Exercise aim
In the records below, find the line with "Manchester United's new" and repeat exactly every line from it through the line with "Real Flame Aegean". Pictures stay out.

Data
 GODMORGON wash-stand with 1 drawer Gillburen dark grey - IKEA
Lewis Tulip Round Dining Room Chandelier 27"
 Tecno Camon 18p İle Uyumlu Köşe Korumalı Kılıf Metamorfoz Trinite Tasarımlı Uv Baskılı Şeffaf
==
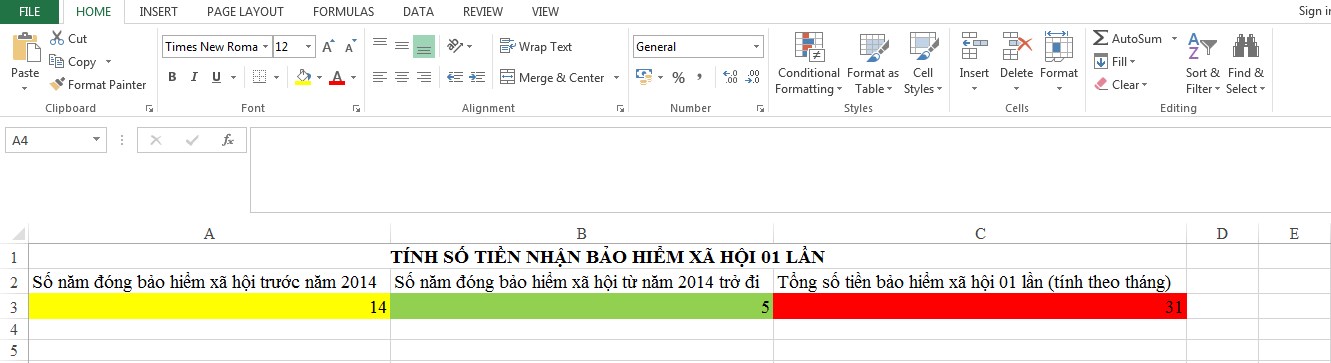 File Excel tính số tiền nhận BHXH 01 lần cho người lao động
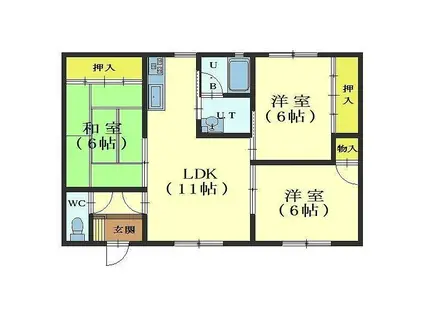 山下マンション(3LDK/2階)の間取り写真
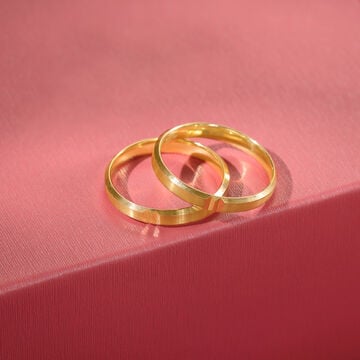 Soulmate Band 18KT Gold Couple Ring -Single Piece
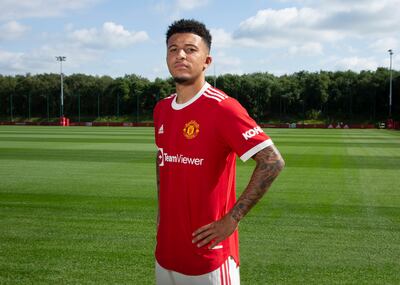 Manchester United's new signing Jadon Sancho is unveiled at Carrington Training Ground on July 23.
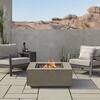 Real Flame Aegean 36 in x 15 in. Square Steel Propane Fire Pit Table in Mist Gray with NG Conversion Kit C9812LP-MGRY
* * *
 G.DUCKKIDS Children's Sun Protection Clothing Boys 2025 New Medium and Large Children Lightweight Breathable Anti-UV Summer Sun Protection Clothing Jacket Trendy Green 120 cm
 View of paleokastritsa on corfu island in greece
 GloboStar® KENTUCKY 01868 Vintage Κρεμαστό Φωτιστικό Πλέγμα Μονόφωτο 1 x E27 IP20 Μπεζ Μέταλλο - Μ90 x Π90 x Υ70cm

Response box
 Manchester United's new signing Jadon Sancho is unveiled at Carrington Training Ground on July 23.
 Real Flame Aegean 36 in x 15 in. Square Steel Propane Fire Pit Table in Mist Gray with NG Conversion Kit C9812LP-MGRY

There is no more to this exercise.